La Feria de Abril de Sevilla tiene su origen en una feria de ganado a finales del siglo XIX, más concretamente en el año 1847. Esta es la primera constatación de lo que luego se convertiría en uno de los festejos más famosos y visitados de España y que en esta primera ocasión se ubicó en el Prado de San Sebastián, en aquel  tiempo a las afueras de la ciudad, y que contó con 19 casetas.

A partir de este momento y debido al tremendo éxito que tuvo, a mediados del siglo siguiente se separaron la Feria de Ganado de la parte de diversión, cante, y baile llegando a la configuración actual que tiene la Feria de Sevilla. El recinto ferial resultante es el de una ciudad con calles en las que se instalan las casetas.

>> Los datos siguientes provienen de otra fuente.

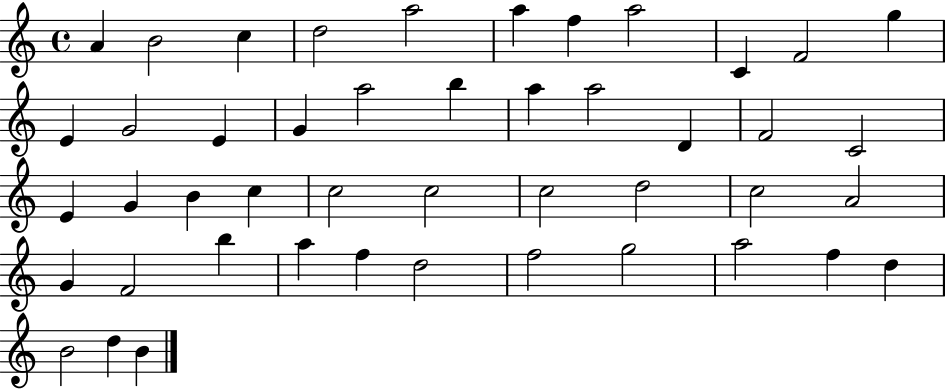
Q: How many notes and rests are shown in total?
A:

Es a partir del año 1973 cuando la Feria cambie su ubicación y se traslade al barrio de Los Remedios, a un espacio rectangular de poco más de kilómetro y medio de largo y medio de ancho. Las calles se adornan con farolillos y por ellas pasean arriba y bajo diariamente durante el día los típicos paseo de caballos, caballistas y los coches tirados por enganches, y a cualquier hora del día o de la noche la multitud que deambula, las mujeres con los trajes de flamenca y todo el mundo cantando y bailando sevillanas.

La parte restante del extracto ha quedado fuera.